• **What is required**
Write out each entry word for word.

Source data
▶

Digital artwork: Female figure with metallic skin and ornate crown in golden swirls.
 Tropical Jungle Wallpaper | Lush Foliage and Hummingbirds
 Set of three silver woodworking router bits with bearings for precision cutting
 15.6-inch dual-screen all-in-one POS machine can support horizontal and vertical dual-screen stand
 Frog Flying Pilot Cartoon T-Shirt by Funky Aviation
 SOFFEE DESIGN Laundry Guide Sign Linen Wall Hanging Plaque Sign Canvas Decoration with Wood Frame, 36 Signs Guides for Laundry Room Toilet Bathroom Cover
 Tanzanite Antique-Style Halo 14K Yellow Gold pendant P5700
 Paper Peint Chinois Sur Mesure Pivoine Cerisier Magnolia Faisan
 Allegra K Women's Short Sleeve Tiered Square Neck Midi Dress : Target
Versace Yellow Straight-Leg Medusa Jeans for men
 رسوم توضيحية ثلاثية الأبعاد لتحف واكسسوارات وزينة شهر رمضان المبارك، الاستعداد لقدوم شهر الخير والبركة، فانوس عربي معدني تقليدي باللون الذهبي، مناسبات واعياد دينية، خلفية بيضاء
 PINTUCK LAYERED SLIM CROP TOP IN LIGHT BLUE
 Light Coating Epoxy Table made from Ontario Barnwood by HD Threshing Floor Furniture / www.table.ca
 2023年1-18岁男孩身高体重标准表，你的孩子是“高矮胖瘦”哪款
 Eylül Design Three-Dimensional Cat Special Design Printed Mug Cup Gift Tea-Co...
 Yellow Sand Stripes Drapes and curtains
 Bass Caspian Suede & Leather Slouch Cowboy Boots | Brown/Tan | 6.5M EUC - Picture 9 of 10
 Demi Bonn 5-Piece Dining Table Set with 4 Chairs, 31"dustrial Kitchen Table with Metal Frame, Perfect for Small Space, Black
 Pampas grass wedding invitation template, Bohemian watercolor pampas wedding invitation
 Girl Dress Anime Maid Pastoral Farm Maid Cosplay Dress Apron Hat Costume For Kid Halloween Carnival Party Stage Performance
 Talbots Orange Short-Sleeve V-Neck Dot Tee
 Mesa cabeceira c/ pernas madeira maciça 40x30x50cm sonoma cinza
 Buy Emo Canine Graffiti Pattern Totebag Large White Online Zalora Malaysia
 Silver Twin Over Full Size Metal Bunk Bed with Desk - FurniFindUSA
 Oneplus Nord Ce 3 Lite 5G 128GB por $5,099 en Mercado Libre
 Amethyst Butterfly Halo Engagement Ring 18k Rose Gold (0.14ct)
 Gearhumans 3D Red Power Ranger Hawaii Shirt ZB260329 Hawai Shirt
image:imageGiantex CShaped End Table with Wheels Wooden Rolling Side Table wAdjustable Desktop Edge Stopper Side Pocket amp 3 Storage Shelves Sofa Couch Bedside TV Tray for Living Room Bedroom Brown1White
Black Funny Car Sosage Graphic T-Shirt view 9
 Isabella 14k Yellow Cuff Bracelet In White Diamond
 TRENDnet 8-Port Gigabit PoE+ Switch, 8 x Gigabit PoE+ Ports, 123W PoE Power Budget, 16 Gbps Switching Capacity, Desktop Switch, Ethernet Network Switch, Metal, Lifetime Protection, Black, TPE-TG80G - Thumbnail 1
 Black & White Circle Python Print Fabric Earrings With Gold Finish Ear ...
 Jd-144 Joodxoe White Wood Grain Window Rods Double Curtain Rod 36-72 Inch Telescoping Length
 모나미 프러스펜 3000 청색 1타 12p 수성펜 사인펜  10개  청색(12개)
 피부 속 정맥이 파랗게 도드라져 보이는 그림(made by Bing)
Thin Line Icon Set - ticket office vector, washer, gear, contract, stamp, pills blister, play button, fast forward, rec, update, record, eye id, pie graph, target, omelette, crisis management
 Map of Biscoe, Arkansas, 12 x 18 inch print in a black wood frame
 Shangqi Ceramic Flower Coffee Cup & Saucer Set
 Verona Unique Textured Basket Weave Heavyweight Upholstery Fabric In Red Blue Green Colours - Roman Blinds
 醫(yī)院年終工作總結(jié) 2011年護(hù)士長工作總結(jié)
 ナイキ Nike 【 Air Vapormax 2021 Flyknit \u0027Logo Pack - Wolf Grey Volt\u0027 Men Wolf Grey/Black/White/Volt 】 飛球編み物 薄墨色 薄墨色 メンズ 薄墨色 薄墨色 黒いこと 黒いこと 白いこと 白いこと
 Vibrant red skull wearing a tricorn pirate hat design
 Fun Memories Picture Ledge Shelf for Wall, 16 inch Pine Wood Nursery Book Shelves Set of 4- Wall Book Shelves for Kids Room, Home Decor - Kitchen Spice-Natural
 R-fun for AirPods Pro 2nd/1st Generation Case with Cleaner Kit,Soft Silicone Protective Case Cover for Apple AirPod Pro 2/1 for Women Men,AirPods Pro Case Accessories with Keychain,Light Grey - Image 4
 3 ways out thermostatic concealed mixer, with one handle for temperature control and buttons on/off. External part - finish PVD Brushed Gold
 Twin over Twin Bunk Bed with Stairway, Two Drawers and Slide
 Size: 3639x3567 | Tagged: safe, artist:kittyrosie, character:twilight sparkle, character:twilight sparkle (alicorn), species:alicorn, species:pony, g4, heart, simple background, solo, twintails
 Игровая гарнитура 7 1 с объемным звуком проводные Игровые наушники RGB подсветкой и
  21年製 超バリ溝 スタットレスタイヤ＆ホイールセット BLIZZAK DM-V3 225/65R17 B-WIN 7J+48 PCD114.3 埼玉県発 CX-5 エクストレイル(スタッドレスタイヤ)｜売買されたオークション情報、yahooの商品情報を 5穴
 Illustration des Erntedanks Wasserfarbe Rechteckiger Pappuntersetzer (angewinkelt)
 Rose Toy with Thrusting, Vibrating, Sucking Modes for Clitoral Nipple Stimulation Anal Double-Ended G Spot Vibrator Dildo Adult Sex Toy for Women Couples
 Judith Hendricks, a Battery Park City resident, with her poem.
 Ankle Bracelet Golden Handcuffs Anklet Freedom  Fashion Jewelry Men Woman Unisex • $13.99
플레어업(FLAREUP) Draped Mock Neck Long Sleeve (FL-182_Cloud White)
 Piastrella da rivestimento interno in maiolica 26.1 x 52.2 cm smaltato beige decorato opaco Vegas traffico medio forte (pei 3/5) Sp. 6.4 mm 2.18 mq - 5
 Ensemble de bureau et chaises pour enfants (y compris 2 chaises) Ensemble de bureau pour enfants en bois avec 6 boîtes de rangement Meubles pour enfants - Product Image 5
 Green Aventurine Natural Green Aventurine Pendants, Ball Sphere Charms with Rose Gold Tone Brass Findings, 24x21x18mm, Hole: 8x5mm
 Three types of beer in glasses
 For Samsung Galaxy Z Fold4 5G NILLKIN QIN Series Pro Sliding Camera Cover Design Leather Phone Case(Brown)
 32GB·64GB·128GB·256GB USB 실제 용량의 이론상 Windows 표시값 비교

◀

• **Answer to this exercise**
Digital artwork: Female figure with metallic skin and ornate crown in golden swirls.
 Tropical Jungle Wallpaper | Lush Foliage and Hummingbirds
 Set of three silver woodworking router bits with bearings for precision cutting
 15.6-inch dual-screen all-in-one POS machine can support horizontal and vertical dual-screen stand
 Frog Flying Pilot Cartoon T-Shirt by Funky Aviation
 SOFFEE DESIGN Laundry Guide Sign Linen Wall Hanging Plaque Sign Canvas Decoration with Wood Frame, 36 Signs Guides for Laundry Room Toilet Bathroom Cover
 Tanzanite Antique-Style Halo 14K Yellow Gold pendant P5700
 Paper Peint Chinois Sur Mesure Pivoine Cerisier Magnolia Faisan
 Allegra K Women's Short Sleeve Tiered Square Neck Midi Dress : Target
Versace Yellow Straight-Leg Medusa Jeans for men
 رسوم توضيحية ثلاثية الأبعاد لتحف واكسسوارات وزينة شهر رمضان المبارك، الاستعداد لقدوم شهر الخير والبركة، فانوس عربي معدني تقليدي باللون الذهبي، مناسبات واعياد دينية، خلفية بيضاء
 PINTUCK LAYERED SLIM CROP TOP IN LIGHT BLUE
 Light Coating Epoxy Table made from Ontario Barnwood by HD Threshing Floor Furniture / www.table.ca
 2023年1-18岁男孩身高体重标准表，你的孩子是“高矮胖瘦”哪款
 Eylül Design Three-Dimensional Cat Special Design Printed Mug Cup Gift Tea-Co...
 Yellow Sand Stripes Drapes and curtains
 Bass Caspian Suede & Leather Slouch Cowboy Boots | Brown/Tan | 6.5M EUC - Picture 9 of 10
 Demi Bonn 5-Piece Dining Table Set with 4 Chairs, 31"dustrial Kitchen Table with Metal Frame, Perfect for Small Space, Black
 Pampas grass wedding invitation template, Bohemian watercolor pampas wedding invitation
 Girl Dress Anime Maid Pastoral Farm Maid Cosplay Dress Apron Hat Costume For Kid Halloween Carnival Party Stage Performance
 Talbots Orange Short-Sleeve V-Neck Dot Tee
 Mesa cabeceira c/ pernas madeira maciça 40x30x50cm sonoma cinza
 Buy Emo Canine Graffiti Pattern Totebag Large White Online Zalora Malaysia
 Silver Twin Over Full Size Metal Bunk Bed with Desk - FurniFindUSA
 Oneplus Nord Ce 3 Lite 5G 128GB por $5,099 en Mercado Libre
 Amethyst Butterfly Halo Engagement Ring 18k Rose Gold (0.14ct)
 Gearhumans 3D Red Power Ranger Hawaii Shirt ZB260329 Hawai Shirt
image:imageGiantex CShaped End Table with Wheels Wooden Rolling Side Table wAdjustable Desktop Edge Stopper Side Pocket amp 3 Storage Shelves Sofa Couch Bedside TV Tray for Living Room Bedroom Brown1White
Black Funny Car Sosage Graphic T-Shirt view 9
 Isabella 14k Yellow Cuff Bracelet In White Diamond
 TRENDnet 8-Port Gigabit PoE+ Switch, 8 x Gigabit PoE+ Ports, 123W PoE Power Budget, 16 Gbps Switching Capacity, Desktop Switch, Ethernet Network Switch, Metal, Lifetime Protection, Black, TPE-TG80G - Thumbnail 1
 Black & White Circle Python Print Fabric Earrings With Gold Finish Ear ...
 Jd-144 Joodxoe White Wood Grain Window Rods Double Curtain Rod 36-72 Inch Telescoping Length
 모나미 프러스펜 3000 청색 1타 12p 수성펜 사인펜  10개  청색(12개)
 피부 속 정맥이 파랗게 도드라져 보이는 그림(made by Bing)
Thin Line Icon Set - ticket office vector, washer, gear, contract, stamp, pills blister, play button, fast forward, rec, update, record, eye id, pie graph, target, omelette, crisis management
 Map of Biscoe, Arkansas, 12 x 18 inch print in a black wood frame
 Shangqi Ceramic Flower Coffee Cup & Saucer Set
 Verona Unique Textured Basket Weave Heavyweight Upholstery Fabric In Red Blue Green Colours - Roman Blinds
 醫(yī)院年終工作總結(jié) 2011年護(hù)士長工作總結(jié)
 ナイキ Nike 【 Air Vapormax 2021 Flyknit \u0027Logo Pack - Wolf Grey Volt\u0027 Men Wolf Grey/Black/White/Volt 】 飛球編み物 薄墨色 薄墨色 メンズ 薄墨色 薄墨色 黒いこと 黒いこと 白いこと 白いこと
 Vibrant red skull wearing a tricorn pirate hat design
 Fun Memories Picture Ledge Shelf for Wall, 16 inch Pine Wood Nursery Book Shelves Set of 4- Wall Book Shelves for Kids Room, Home Decor - Kitchen Spice-Natural
 R-fun for AirPods Pro 2nd/1st Generation Case with Cleaner Kit,Soft Silicone Protective Case Cover for Apple AirPod Pro 2/1 for Women Men,AirPods Pro Case Accessories with Keychain,Light Grey - Image 4
 3 ways out thermostatic concealed mixer, with one handle for temperature control and buttons on/off. External part - finish PVD Brushed Gold
 Twin over Twin Bunk Bed with Stairway, Two Drawers and Slide
 Size: 3639x3567 | Tagged: safe, artist:kittyrosie, character:twilight sparkle, character:twilight sparkle (alicorn), species:alicorn, species:pony, g4, heart, simple background, solo, twintails
 Игровая гарнитура 7 1 с объемным звуком проводные Игровые наушники RGB подсветкой и
  21年製 超バリ溝 スタットレスタイヤ＆ホイールセット BLIZZAK DM-V3 225/65R17 B-WIN 7J+48 PCD114.3 埼玉県発 CX-5 エクストレイル(スタッドレスタイヤ)｜売買されたオークション情報、yahooの商品情報を 5穴
 Illustration des Erntedanks Wasserfarbe Rechteckiger Pappuntersetzer (angewinkelt)
 Rose Toy with Thrusting, Vibrating, Sucking Modes for Clitoral Nipple Stimulation Anal Double-Ended G Spot Vibrator Dildo Adult Sex Toy for Women Couples
 Judith Hendricks, a Battery Park City resident, with her poem.
 Ankle Bracelet Golden Handcuffs Anklet Freedom  Fashion Jewelry Men Woman Unisex • $13.99
플레어업(FLAREUP) Draped Mock Neck Long Sleeve (FL-182_Cloud White)
 Piastrella da rivestimento interno in maiolica 26.1 x 52.2 cm smaltato beige decorato opaco Vegas traffico medio forte (pei 3/5) Sp. 6.4 mm 2.18 mq - 5
 Ensemble de bureau et chaises pour enfants (y compris 2 chaises) Ensemble de bureau pour enfants en bois avec 6 boîtes de rangement Meubles pour enfants - Product Image 5
 Green Aventurine Natural Green Aventurine Pendants, Ball Sphere Charms with Rose Gold Tone Brass Findings, 24x21x18mm, Hole: 8x5mm
 Three types of beer in glasses
 For Samsung Galaxy Z Fold4 5G NILLKIN QIN Series Pro Sliding Camera Cover Design Leather Phone Case(Brown)
 32GB·64GB·128GB·256GB USB 실제 용량의 이론상 Windows 표시값 비교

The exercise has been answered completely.